One thing to try is with the power disconnected check continuity through L3.  If the link (0 ohm resistor) has gone open circuit then you could replace it with a wire link as a temporary test to see if 5v appears on the regulators output.

If you get 5v on the regulators output but the handset still can's detect the mount then check the voltage on the supply pins of the PIC  (pins 19, 20 and 8).  If there's 5v there then it would suggest that the PIC has been damaged.

All this is assuming you've confirmed the data cable  has continuity between the pins at either end.

[malc-c]

Just to update this thread, and report a partial success 

"TurboSlow" contacted me via PMs and he agreed to let me take a look.  It was really puzzling as the 12v supply wasn't even getting form the barrel jack to the switch terminals, and that is a direct link.  

Postie turned up with a parcel yesterday.  I connected the two boards and turned the power on, there was no magic smoke or anything going pop.  Power was removed and the Fluke DVM brought out to do some basic testing.  Power comes in from the jack socket and goes direct to the switch.  But for some reason I couldn't get any continuity between the pins. now I have no idea if these boards are four layer like the HEQ5 / EQ6 boards, but I would assume so as its good practice to stick with a standard, and there were no obvious traces on the top or bottom of the board.

The large diode D1 was shot, so I replaced that with a standard 1N400x variant.  I had to use a through hole as I seem to have ran out of surface mount ones. Next I  removed the 7805 regulator from the board and tested it, it too was also fried, producing around 0.2v.  I rigged up an old TO220 package 7805 and fed a 12v supply into it and once confirmed 5v was on the output I soldered that to the board just to see if there was something drawing a few amps as a result of a direct short.  Nothing excessive was registered on the power supply.

Upon powering up and verifying 5v was being fed to the board I checked the supply pins on the PIC and it was getting 5v.  However I noticed that whilst not excessive, the current draw was around 300mA which is a lot for a bare board with no motors connected.  I then checked the board for any warm components and the PIC was getting hot.  Powered off and using a hot air gun removed the PIC. There doesn't appear to be an direct short or anything obvious on the board, and no other components got hot at the same time.  I placed the PIC into the programmer and confirmed it was dead as the programmer couldn't ID the device.
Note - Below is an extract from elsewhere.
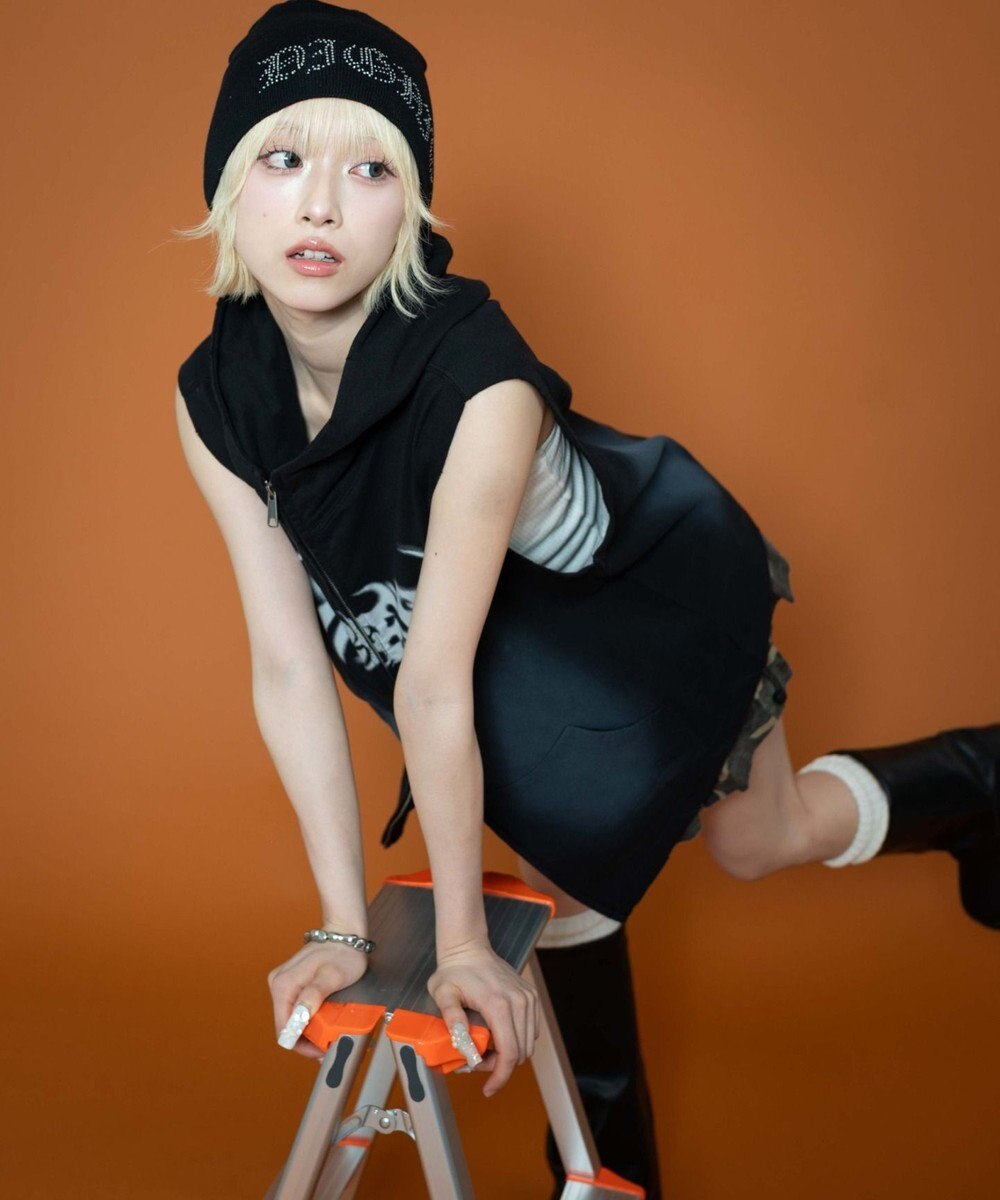 WEGO ノースリーブグラフィックZIPパーカー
The rigged up 7805 was removed and a new 7805 surface mounted device soldered in place of the original.  I bridged the supply form the jack socket to the switch, and bridged the traces to the replacement diode D1.  I programmed a new 16F886 with the MC004 code and soldered it in place.  Hooked up the Az/RA  board, and my handset and connected power.  The handset went through the initialisation stages, but reported the "no response Alt/DEC" and then halted as expected.  The new PIC was running cold and wasn't overheating, and the fact I managed to confirm the AZ/RA board was in working order was a plus point as gave me hope.

Powered down and checked out D3, it showed normal readings for a diode, and  continuity between it and the pins on the handset connector check out.  Just in case the issue was with the PIC I removed it and checked out the communications using software on the PC, and it seemed that the  UART port appeared to have been damaged as I had no echo back.  So I got the last 16F886 I had in my box and programmed it with the code - then tested the PIC to confirm its UART was working and it was, so it was soldered to the PCB.  Everything was connected back up, and I got the same response... it just didn't want to play ball. 

I then got the logic analyser out to see if  the serial commands are getting through, and if the PIC is responding.  So connected two traces wires directly to the TX/RX pins of the PIC and did a test run.  It showed the PIC received the data from the handset, but no acknowledgement was transmitted back, and the TX lines remained high.   I can trace out the TX / RX lines and it all seems OK, but something is still taking the TX line (TX out from the PIC) down.  The problem is Skywatcher run the two serial ports on the PICs in series, using 1N4148 diodes to prevent the two TX lines transmitting at the same time.  If they followed normal convention and kept them independent it would make things simpler to debug !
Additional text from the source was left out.